As refugees from war-torn regions seek safety in Lviv, a new school is being 3D-printed using a robotic innovation that has been developed in response to the threat of shelling
As shelling and gunfire continue to obliterate lives and buildings across Ukraine, thousands of internally displaced people from towns and villages have made their way to cities in the hope of finding shelter and safety.
With the population of Lviv in western Ukraine estimated to be around a third larger than it was before Russia’s invasion, a small construction team is working to rapidly 3D print a new school building to accommodate the influx of children from elsewhere in the country.
The hybrid building will expand the capacity of ‘School 23’ in Lviv, which teaches around 1,200 pupils, up from around 800 before the war began.
Designed by Kyiv-based architect Balbek Bureau, it will measure 506m2, with the 3D printed section around 300m2 in size.
Printing is being carried out in two sections by a BOD 2 robot. Printing began in mid-May and is expected to be completed around the time of publication, with the finished building handed over at the start of 2024.
‘The building is so large we're printing it in two parts,’ explains Mikkel Brich, CEO of 3DCP. ‘We print one section, then move the robot [which measures 15m long by 12m wide] and print the second. Each section contains two classrooms and the second section is now under way.’
The walls are extruded from the print head in layers onto a pre-existing foundation, with MEP services installed as the structure rises.
The threat of shelling on the site led to the development of an innovation in the way additives are mixed into the concrete. They would normally be added to the concrete mix in the batching plant, but in the event of an air raid alarm and workers having to wait in a shelter for several hours, this approach would cause the mix to harden in equipment causing serious damage.
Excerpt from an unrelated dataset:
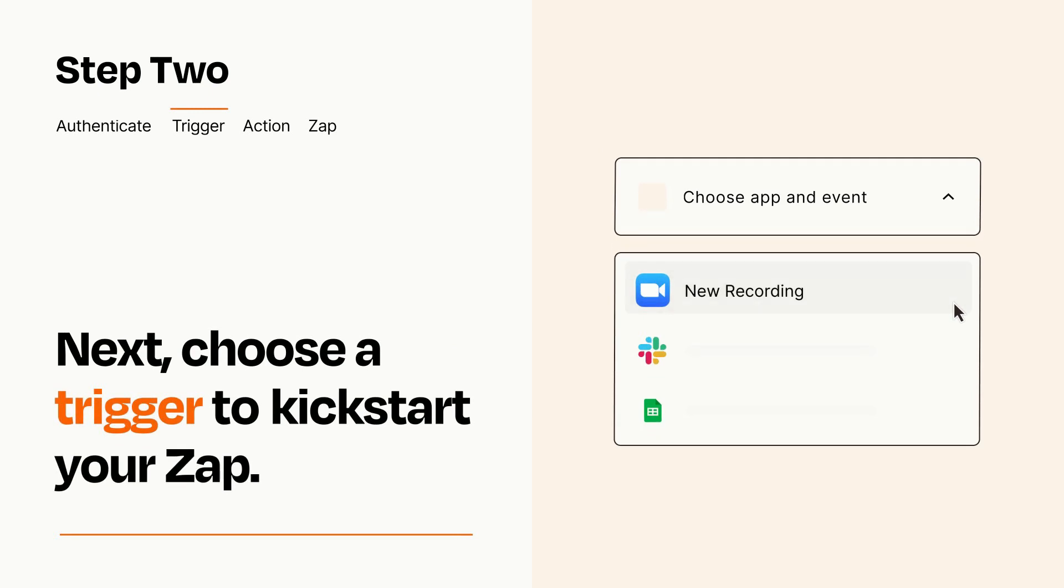Now let's set up your trigger, which is the event that starts your Zap. Pick the trigger event that you want from the list.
‘When we return, our mixer, our pump and our hose would be destroyed, costing over £100,000 – so we had to figure out a way to dose the additives at a later stage to prevent harm to our equipment,’ says Brich.
The solution was to mount the additive dosing system directly in the print head and inject the additives just before the concrete is extruded. This innovation is likely to become a regular feature on future projects, says Brich: ‘If something goes wrong with the mixer, the pump, or the power, it's no longer race against time to get the system flushed out because accelerator is in the system. Dosing at the printhead means we only have normal concrete in the rest of the system.’
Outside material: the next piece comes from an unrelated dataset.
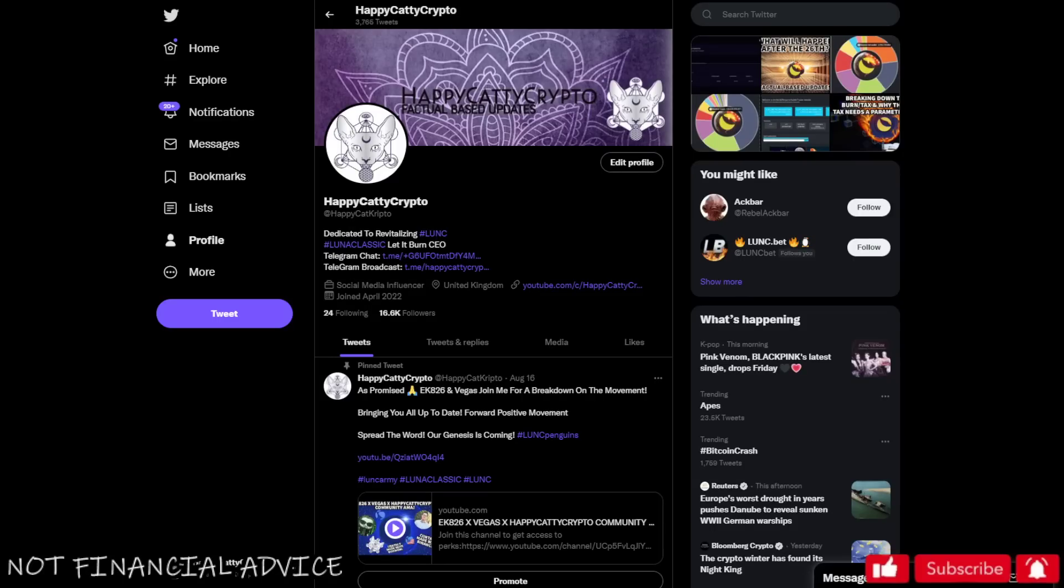Hey folks, welcome back to the channel, HappyCattyCrypto here. Well, have I got an update for you. There's lots of people that will just grab things straight away from wherever they see it and run to Twitter and post it with no investigation, no looking into it, no speaking to the people who are directly dealing with it.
In terms of speed of construction, operating the printer requires only three people. Using the number of workers that would be needed to build in bricks and mortar, ‘we could probably build about four or five schools before they built even one,’ says Brich.
Furthermore, the curved architecture of the building would take more time to deliver by hand in brick and add considerably to the cost, he adds: ‘As rule of thumb in architecture, if a straight wall costs 1x, a curved wall costs 2x and spherical wall costs 10x, but using a 3D printer everything costs 1x, which opens the door to really exciting architecture.’
The logistics of operating in a country that is effectively under martial law added complexity to the project and meant ‘jumping through some loopholes’ to get money, crew and equipment in and out of the country.
Three trucks transported the 3D printer from Denmark to Ukraine. ‘Team4UA managed to get our trucks across the border in one day with a police escort where previously we were told that it could take up to two weeks,’ says Brich. ‘I don't know how they pulled that off but they did,’ he concludes.